The roadside checks, which also test for drink-driving, last year involved almost 76,000 vehicles stopped and nearly 72,000 breath tests administered. A total of 4656 arrests were made for drink or drug-driving.
Last year, North Wales Police believed that people driving under the influence of drugs was becoming as common as drink-driving.
Sergeant Jon Butler of West Midlands Police said: “While we want people to enjoy the festive season we won’t tolerate those who are irresponsible and get behind the wheel over the limit”.
Northumbria Police has bought hundreds of new portable drug testing kits, with volunteer special constables carrying out roadside checks in Newcastle and Gateshead. They will also be testing taxi drivers operating in the region to ensure they aren’t putting lives at risk by driving while high on drugs.
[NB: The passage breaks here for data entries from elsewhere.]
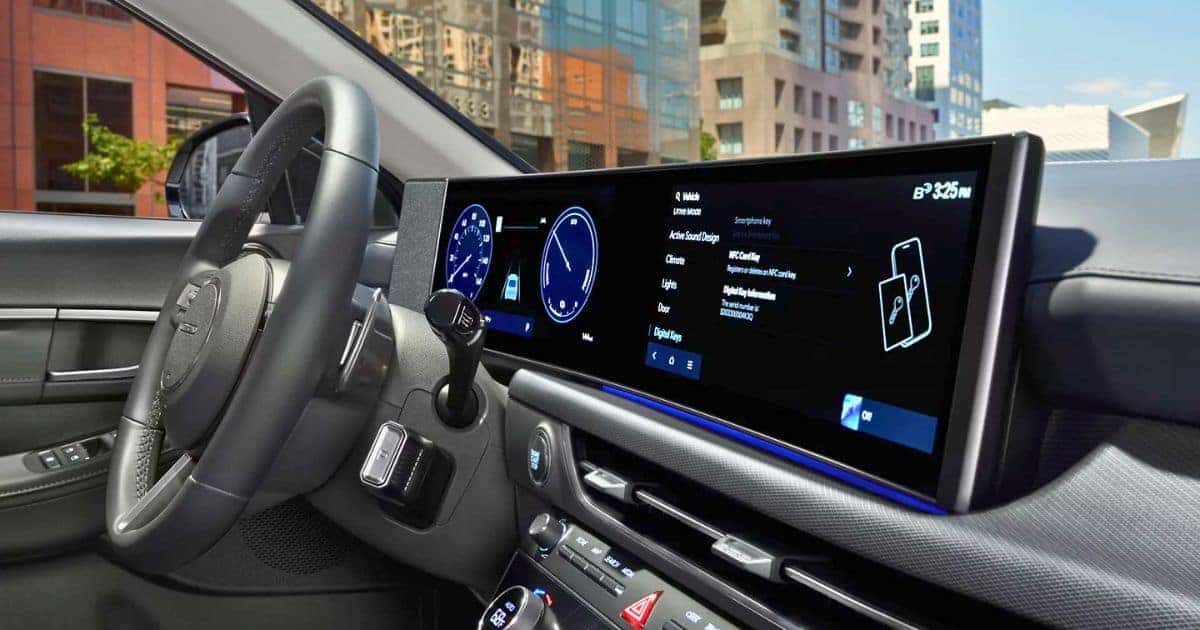 The 12.3-inch touchscreen is one of the features the 2026 Sonata Hybrid shares with the gas Sonata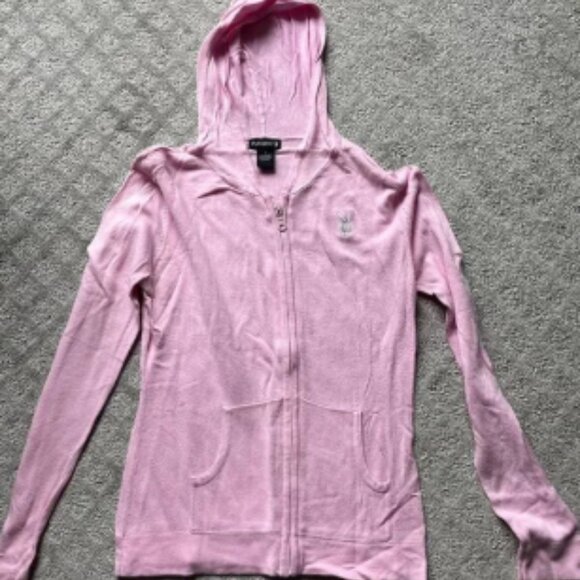 VINTAGE PLAYBOY RARE zip up pink vintage playboy zip sweatshirt sweater size M - Picture 4 of 6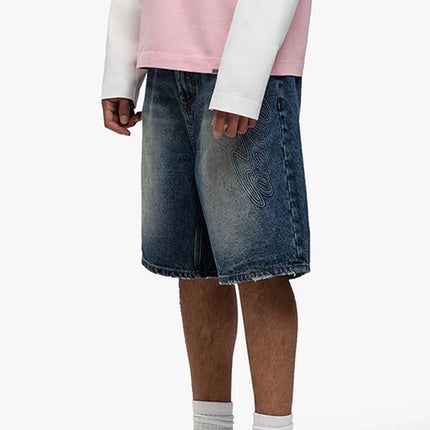 Rivero Rivero Shorts Script Denim Embossed SS25 Dark Blue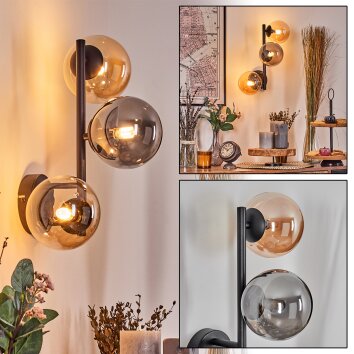 Chehalis Kogellampje, Wandlamp Amber, Rookkleurig, 3-lichts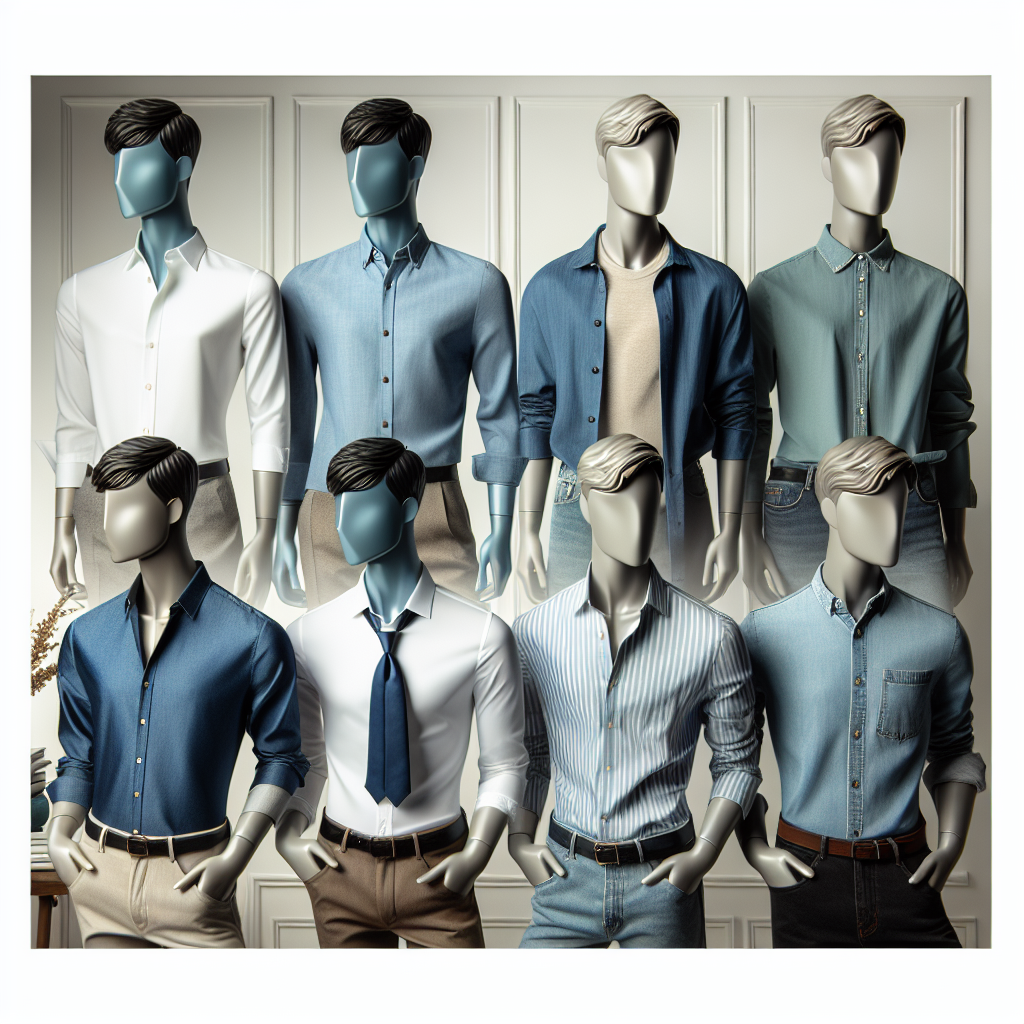 Must-Have Shirts for a Chic, Effortless Look at Work Create a vibrant display of six must-have shirts for a chic, effortless professional look at work. The first shirt should be a white button-down on a mannequin of South Asian descent, the second a blue silk blouse on a Middle-Eastern mannequin, the third a neutral-toned linen shirt on a Black mannequin. The fourth shirt is a striped cotton number on a Caucasian mannequin, the fifth satin number with a bow tie on a mannequin of Hispanic origin and the final one is a trendy denim shirt on a White mannequin. Each one should be styled to exude effortless aesthetics while maintaining a professional look.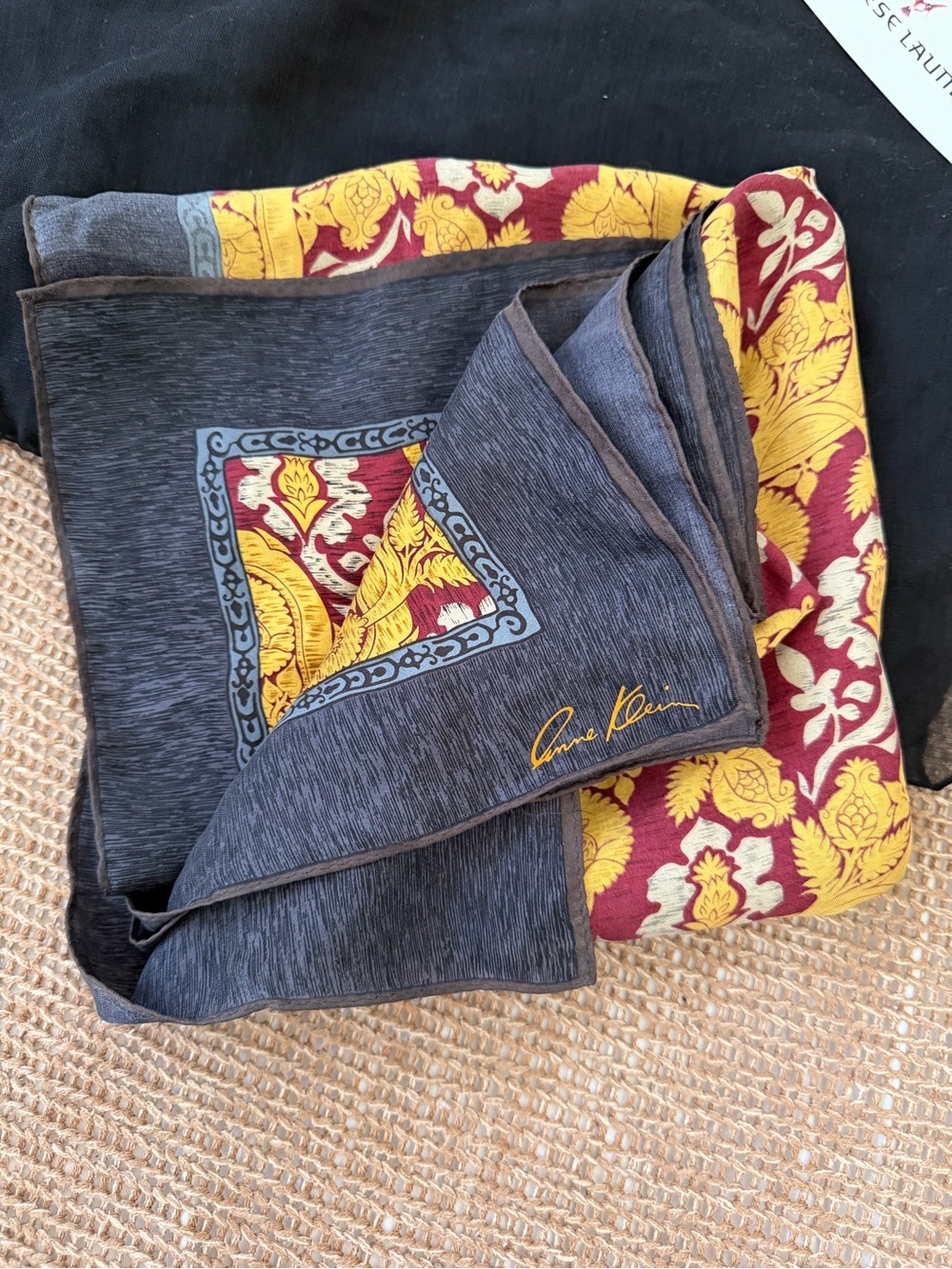 Anne Klein Gray Scarf with Gold and Burgundy Accents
Motorists convicted of drug-driving face the same penalty as drink drivers – a minimum ban of 1 year, unlimited fine and up to 6 months in prison, although few are handed down a prison sentence. Criminal records for motoring convictions are usually spent after 5 years although details of drug-driving remain on a driving licence and Driver and Vehicle Licensing Agency (DVLA) driving record for up to 11 years.
According to DVLA figures, more than 60 people a day are being banned from UK roads, and nearly 20,000 were convicted for driving under the influence of drugs last year.